◆ Work to be completed: As an exercise in exact copying, transcribe the lines below from the one holding "Grey romper long" through the last, with both ends included and pictures left out.

◆ Caption-style text data:
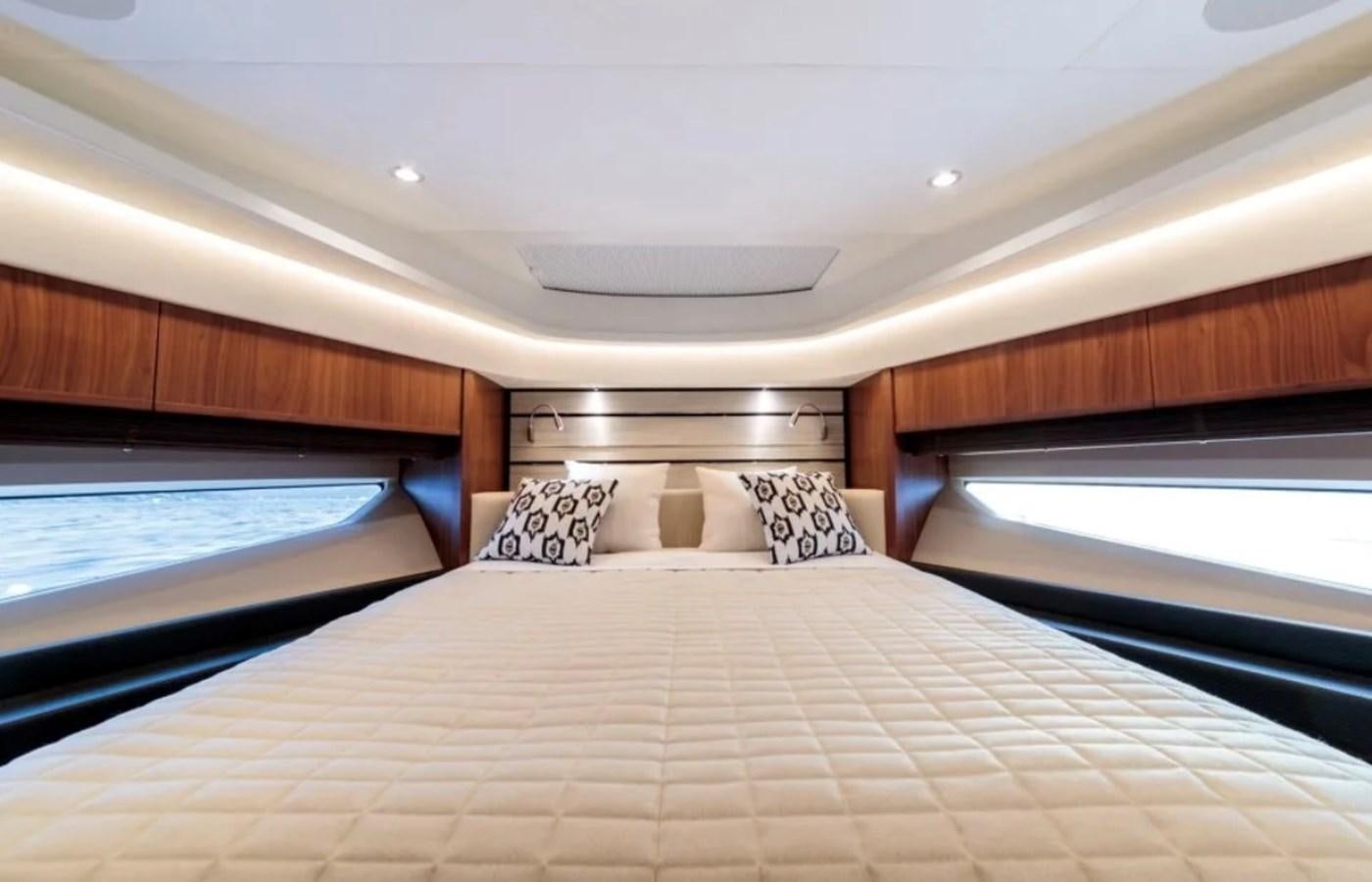 a bed with a white bed spread aboard PRINCESS S72 Yacht for Sale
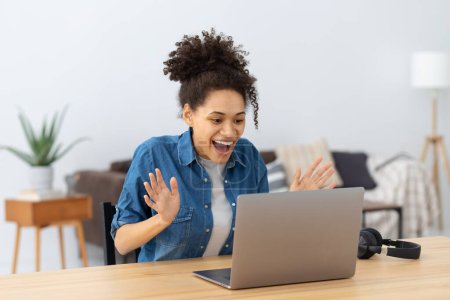 Photo for Portrait of excited young African American woman celebrating success while sitting with laptop at home or office. Happy female freelancer working in coworking space having good news - Royalty Free Image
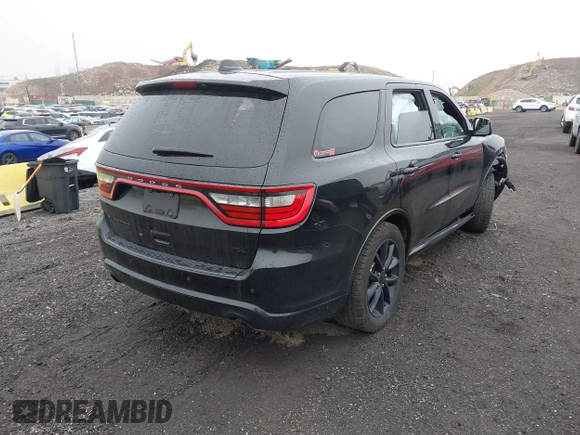 2017 Dodge Durango R/T with VIN 1C4SDJCTXHC878876, listed as a IAAI auction lot 42175360 with 61,323 mi miles and . Bid and sale history available at carsss.com. Image 4.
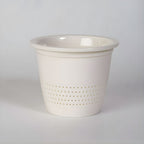 Ceramic tea mug with infuser and lid - infuser close-up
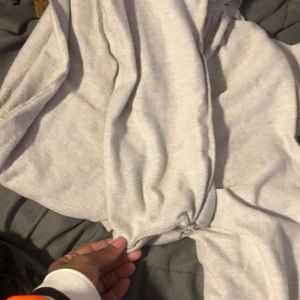 Grey romper long sleeve crunchie ware and bottom two pockets  off the shoulders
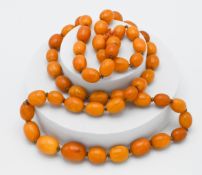 An amber necklace with graduated beads 120cm long, approx. 178g, fifty two beads. This necklace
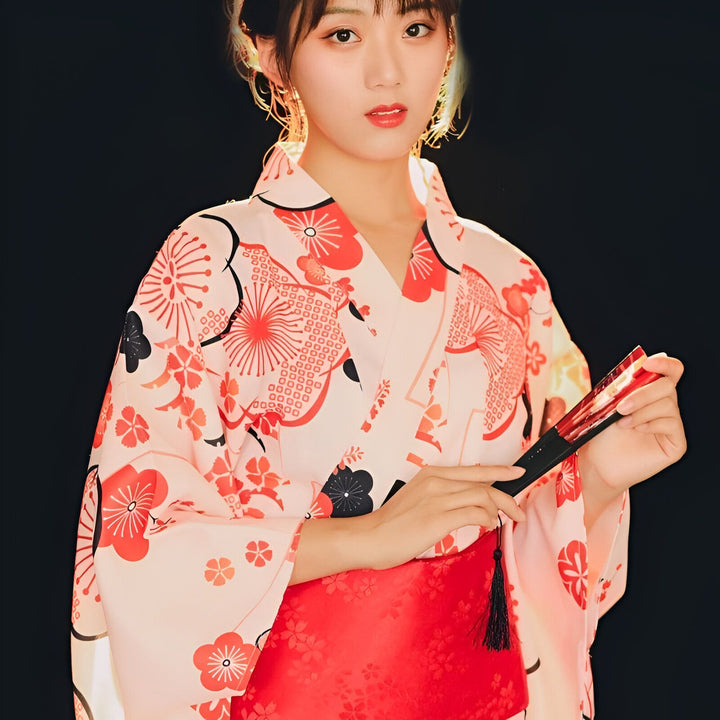 Jeune femme portant un kimono rose à motifs floraux rouges et noirs, tenant un éventail. Vêtements traditionnels japonais à vendre.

◆ Result of this task:
 Grey romper long sleeve crunchie ware and bottom two pockets  off the shoulders
 An amber necklace with graduated beads 120cm long, approx. 178g, fifty two beads. This necklace
 Jeune femme portant un kimono rose à motifs floraux rouges et noirs, tenant un éventail. Vêtements traditionnels japonais à vendre.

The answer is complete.